As adults, each of these women sought to control their hair and style it according to their own moods and desires. Yet, much like the childhood experiences described by Penda, Subria, Hisani, Jina, and Kiburi, the hairstyles worn by Razina, Ghanima, and Faraja generate often unwanted attention that reinforces social preferences for straight hair and discriminates against Black natural hair.
Moreover, the discrimination directed at Black hair is not so simple as a preference for long and straight over short and curly. Some of these women encountered specific criticism for their decisions to wear specific natural hairstyles. At some point during their hair journeys, both Yeva and Tendai chose to completely shave their heads. Yeva shaved her head as an act of solidarity with her mother who was undergoing chemotherapy and fighting cancer. Even as her mother recovered and kept most of her hair, Yeva wore her shaved hairstyle because, “I was 26 at the time. It was the first time that I really was like ohhh, this really is me and I’m seeing me for the first time.” True to her highly political nature, Tendai wore her head shaved for three years purely as an act of rebellion. Reflecting on her decision, Tendai proclaimed
I’ve never felt so liberated in my life, but People were like—they did not understand—one day I’m sitting in a meeting and my boss looked at me, black man, looked at me, and he looked at me again and he was like [imitation of boss looking at her and her looking at him back and forth] “I just can’t get used to what it is you’re doing, I can’t,” and he was like “this, I can’t” (puts up hands in a blocking gesture).
Tendai also described a similar encounter she had in a bank when “this latino man walked up to me and says “I’m just curious, why would you do that?” And so, but at that point, I was affirmed that I was supposed to do it.” By shaving their heads, Yeva and Tendai violated the politics of hair by choosing not to have any hair at all.
Even so, the experiences described by these women suggest that wearing a shaved head is not the most egregious Black natural hairstyle. Marini, Uniqua, and Jina experienced a new level of discrimination when they started to loc (wear dreadlocks and similar styles) their hair. Comparing responses to wearing her hair in locs to how people reacted to her natural curls, Marini expressed, “when I was loose natural, people were a little bit more receptive to me. I never even thought about like how that was privilege.” Similarly, Uniqua received mixed reactions from her family members and significant other when she chose to loc her hair. Although her mother approved and one of her nephews and two of her nieces also chose to loc their hair, her father avoids commenting on her hair; her brother flatly stated, “I don’t like it. I don’t like short hair on women”, and her boyfriend “likes the loose natural more than he likes the locked natural and I can tell. He tries to hide it, but I can tell.” Rather than just ask her to remove the locs, both her father and her grandmother routinely offered to finance a new hairstyle with her father emphatically saying, “I’ll pay you money to cut that stuff out of your head.” All Black natural hairstyles do not receive equal treatment. While Marini, Uniqua, and Jina could ignore the prejudice against locs that they received from family and friends, this type of rejection can be far more damaging when it affects employment9 (see Donahoo and Smith 2019; Greene 2017). The fact that hair discrimination can lead to both personal rejection and loss of employment is strong evidence that national legislation is necessary to protect Black women’s hair and their right to style it as they choose.

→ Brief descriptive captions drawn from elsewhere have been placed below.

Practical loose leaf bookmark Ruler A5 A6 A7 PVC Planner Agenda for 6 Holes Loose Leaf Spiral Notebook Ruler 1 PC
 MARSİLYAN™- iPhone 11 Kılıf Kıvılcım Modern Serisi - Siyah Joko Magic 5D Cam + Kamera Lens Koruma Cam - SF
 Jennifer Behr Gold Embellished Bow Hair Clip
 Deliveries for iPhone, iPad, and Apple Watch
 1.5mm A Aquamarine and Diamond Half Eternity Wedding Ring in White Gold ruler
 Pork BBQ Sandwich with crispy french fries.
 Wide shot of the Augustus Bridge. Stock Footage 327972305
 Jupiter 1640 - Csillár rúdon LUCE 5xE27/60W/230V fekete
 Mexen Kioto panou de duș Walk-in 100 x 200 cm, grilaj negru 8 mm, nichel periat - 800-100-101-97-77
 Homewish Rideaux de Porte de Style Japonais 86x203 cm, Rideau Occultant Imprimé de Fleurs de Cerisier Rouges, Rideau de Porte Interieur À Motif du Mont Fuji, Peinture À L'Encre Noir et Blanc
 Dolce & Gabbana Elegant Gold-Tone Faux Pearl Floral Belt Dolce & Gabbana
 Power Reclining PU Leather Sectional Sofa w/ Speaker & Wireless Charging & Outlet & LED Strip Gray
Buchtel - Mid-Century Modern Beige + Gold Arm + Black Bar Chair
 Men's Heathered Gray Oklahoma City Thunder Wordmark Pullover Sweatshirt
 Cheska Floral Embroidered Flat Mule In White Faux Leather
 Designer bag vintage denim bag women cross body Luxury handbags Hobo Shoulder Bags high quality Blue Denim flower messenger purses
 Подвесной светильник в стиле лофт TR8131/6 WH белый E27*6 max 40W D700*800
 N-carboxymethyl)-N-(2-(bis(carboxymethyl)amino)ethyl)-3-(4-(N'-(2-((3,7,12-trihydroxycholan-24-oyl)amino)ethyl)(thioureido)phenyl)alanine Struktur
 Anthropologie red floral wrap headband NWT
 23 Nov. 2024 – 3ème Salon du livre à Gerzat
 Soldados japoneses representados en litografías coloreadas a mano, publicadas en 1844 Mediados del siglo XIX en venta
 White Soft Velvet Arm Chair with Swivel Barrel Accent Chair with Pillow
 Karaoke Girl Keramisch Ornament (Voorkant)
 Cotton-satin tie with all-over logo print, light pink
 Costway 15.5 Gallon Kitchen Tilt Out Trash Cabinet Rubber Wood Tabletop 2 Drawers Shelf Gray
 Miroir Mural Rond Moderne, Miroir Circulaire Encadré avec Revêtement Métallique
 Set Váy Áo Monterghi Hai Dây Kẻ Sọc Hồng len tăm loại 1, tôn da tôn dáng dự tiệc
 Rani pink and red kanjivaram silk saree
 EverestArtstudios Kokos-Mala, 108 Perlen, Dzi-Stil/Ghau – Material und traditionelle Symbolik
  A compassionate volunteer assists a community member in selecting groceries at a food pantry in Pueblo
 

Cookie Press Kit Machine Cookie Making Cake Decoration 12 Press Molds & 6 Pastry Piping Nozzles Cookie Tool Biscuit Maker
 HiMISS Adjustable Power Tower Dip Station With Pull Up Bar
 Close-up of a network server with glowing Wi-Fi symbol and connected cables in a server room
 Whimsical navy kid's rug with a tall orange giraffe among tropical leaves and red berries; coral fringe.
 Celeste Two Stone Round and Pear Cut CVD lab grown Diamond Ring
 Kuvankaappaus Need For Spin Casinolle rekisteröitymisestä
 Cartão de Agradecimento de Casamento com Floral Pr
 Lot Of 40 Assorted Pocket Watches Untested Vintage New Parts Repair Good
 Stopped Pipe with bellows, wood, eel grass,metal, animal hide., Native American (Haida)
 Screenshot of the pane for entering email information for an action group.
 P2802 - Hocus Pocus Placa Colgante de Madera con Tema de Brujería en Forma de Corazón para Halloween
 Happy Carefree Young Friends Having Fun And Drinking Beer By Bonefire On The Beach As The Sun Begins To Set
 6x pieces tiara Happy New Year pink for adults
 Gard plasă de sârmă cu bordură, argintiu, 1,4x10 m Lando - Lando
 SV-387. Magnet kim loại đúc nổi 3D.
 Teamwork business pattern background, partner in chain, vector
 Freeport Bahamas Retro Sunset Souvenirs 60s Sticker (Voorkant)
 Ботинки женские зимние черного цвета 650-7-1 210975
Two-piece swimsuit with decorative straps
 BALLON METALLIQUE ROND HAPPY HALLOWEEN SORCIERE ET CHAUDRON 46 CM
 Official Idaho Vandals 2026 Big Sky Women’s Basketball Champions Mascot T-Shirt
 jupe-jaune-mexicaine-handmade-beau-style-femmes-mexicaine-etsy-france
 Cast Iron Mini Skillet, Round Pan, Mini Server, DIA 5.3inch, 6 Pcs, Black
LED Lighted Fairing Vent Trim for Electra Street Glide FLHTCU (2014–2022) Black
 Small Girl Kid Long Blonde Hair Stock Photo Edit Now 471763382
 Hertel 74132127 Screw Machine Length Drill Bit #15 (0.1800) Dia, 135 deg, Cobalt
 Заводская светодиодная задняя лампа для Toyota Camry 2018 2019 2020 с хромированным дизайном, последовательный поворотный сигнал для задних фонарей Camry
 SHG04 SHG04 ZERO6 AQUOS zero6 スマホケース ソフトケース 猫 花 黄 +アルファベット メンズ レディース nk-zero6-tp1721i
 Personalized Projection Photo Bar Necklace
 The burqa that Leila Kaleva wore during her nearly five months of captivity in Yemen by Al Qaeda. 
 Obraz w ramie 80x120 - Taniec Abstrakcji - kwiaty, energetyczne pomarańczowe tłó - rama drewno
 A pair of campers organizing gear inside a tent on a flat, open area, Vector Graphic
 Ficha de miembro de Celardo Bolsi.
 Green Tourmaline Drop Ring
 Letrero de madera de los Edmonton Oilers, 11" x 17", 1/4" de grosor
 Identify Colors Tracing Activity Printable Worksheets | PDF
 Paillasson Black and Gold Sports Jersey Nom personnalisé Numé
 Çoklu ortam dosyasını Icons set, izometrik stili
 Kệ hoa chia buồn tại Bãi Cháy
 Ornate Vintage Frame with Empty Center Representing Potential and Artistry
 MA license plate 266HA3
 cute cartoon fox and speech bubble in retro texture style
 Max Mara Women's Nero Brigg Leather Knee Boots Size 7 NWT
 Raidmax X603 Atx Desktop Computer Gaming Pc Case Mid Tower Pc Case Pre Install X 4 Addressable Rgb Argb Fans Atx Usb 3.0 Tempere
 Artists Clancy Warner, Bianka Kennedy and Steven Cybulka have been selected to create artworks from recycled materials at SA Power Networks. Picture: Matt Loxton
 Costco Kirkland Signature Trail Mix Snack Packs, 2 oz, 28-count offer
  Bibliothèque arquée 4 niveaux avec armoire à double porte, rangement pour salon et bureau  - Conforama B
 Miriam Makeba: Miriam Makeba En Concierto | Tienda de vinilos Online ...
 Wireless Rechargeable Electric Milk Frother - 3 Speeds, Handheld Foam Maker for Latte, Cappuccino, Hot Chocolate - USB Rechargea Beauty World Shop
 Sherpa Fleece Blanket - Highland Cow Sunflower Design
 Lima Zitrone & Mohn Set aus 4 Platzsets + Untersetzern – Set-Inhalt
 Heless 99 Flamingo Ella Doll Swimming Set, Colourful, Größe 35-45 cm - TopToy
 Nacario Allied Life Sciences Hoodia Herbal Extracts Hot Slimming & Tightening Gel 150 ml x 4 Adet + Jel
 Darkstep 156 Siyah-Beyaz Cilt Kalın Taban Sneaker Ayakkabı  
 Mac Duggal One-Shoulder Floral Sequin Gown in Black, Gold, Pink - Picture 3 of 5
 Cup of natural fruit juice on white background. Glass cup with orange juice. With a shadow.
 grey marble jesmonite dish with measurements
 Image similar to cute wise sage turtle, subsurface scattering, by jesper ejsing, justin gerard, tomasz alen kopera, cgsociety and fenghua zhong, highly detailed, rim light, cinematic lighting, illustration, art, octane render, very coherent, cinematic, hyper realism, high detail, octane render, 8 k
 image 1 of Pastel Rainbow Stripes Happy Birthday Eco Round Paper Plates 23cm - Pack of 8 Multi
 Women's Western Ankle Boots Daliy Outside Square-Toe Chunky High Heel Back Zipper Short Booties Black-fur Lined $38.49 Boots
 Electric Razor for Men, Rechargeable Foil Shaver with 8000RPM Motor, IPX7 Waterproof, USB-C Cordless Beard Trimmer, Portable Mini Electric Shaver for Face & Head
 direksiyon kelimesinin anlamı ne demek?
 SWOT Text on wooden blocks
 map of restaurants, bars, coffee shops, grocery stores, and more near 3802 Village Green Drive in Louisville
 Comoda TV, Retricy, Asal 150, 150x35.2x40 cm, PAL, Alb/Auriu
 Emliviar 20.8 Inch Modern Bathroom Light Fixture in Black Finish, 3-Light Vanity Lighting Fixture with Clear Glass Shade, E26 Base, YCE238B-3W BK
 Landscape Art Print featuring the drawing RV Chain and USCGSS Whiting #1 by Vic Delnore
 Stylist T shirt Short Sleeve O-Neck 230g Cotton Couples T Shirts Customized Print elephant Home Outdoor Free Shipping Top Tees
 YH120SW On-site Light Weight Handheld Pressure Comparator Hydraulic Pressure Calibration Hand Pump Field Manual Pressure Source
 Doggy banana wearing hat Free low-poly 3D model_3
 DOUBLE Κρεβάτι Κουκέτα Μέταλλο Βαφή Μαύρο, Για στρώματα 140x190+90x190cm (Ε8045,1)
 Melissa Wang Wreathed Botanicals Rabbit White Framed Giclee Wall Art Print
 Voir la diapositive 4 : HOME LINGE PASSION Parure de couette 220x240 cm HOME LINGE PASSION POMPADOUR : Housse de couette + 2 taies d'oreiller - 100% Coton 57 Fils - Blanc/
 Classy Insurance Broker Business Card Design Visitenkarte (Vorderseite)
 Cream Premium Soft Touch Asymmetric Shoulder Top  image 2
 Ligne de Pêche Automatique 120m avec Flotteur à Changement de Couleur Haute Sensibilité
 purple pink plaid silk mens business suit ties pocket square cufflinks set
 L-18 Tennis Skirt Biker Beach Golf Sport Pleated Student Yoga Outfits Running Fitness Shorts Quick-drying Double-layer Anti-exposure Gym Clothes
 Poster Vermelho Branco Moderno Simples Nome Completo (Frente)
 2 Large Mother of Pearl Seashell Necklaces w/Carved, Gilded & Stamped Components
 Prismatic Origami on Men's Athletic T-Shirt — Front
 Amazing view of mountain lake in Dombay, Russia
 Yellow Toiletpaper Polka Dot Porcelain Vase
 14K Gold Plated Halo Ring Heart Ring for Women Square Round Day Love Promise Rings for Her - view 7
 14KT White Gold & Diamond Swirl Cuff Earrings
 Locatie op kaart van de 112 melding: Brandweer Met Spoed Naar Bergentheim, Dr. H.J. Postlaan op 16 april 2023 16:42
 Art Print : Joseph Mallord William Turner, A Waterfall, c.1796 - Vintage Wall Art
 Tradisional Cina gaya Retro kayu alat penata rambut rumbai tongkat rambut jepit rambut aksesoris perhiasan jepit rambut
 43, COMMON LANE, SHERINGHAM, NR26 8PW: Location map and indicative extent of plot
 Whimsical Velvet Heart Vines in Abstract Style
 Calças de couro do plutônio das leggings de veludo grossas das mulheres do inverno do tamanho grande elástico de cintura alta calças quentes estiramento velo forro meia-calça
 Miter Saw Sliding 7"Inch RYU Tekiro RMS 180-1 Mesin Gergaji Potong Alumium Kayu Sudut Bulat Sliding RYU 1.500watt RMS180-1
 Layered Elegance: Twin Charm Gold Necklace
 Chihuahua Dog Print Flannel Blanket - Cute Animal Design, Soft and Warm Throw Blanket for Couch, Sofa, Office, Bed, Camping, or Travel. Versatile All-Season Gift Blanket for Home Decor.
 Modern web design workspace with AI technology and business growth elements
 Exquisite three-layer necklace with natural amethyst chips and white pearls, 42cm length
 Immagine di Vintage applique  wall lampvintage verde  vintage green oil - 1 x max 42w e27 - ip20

6.2.2. Promoting Hair Inclusion

While hair serves as a site for discrimination from others, many of the Black women in this study viewed their hair as an area of inclusion. Rather than treat it as a debate or competition, multiple participants including Intisar, Hisani, Dhakiya, Marini, Etana, and Waseme supported the idea that “all hair is good” (Intisar), not just hair that is straight, long, and silky. Promoting active inclusion, Waseme commented:
black women, in particular, have just been so conditioned to think that lighter skin is prettier and straighter hair is prettier, and so whenever I see another woman that is an African American woman that’s natural, I’m always obliged to start a conversation about [it]. It just empowers me to continue on my journey as well.
Instead of just including Black women who wear natural hairstyles, Etana challenges the interpretation of straight hair as self-loathing or anti-Black. Focusing on the aesthetic, Etana argues:
It’s truly how they feel about themselves. I think they think I love my weave and all the different names they have for them, the yaki and all that stuff. I think they love the look. A lot of sistahs that wear weaves and relaxers and love being black and you can’t tell them nothing else so for them it’s just about how they feel about themselves and their hair.
Although wearing Black natural hair produces different styles than those that come from wearing weaves and relaxers, all styles are accessible and should be acceptable for Black women. The goal of and for the CROWN Act is not to prohibit hair straightening, but to create an environment where all Black women can comfortably wear the styles that they choose without fear of reprisal at home, at work, or in any other public venue (see Donahoo and Smith 2019; New York City Commission on Human Rights NYCHR 2019; Thompson 2009a).

6.2.3. Limits of Personal Empowerment

The experiences of Black women embracing their natural hair illustrate that discrimination continues to influence what they wear on their heads. While some of these women utilized this discrimination as inspiration and simply identified a different perspective on their hair, their personal empowerment does little to make the social or political climate more accepting. Instead, the additional work that these women must invest in bringing positivity to how they look and feel and explain their hair justifies the need for national CROWN legislation, as it clear that Black women can neither end nor overcome hair discrimination on their own.

6.3. Hair Love Is Self-Love

The discrimination and oppressive climate surrounding Black women and their hair not only affects how others view them, but also how they define and perceive themselves. Illustrating an assertion by Weitz (2004) that women sometimes develop low self-esteem when our hair receives too much or too little attention, Faraja internalized the negative reactions others had to her natural hair. However, for most of these women, wearing Black natural hair provides a pathway to self-definition and self-love that encourages Black women to see value and beauty in Blackness even when others do not.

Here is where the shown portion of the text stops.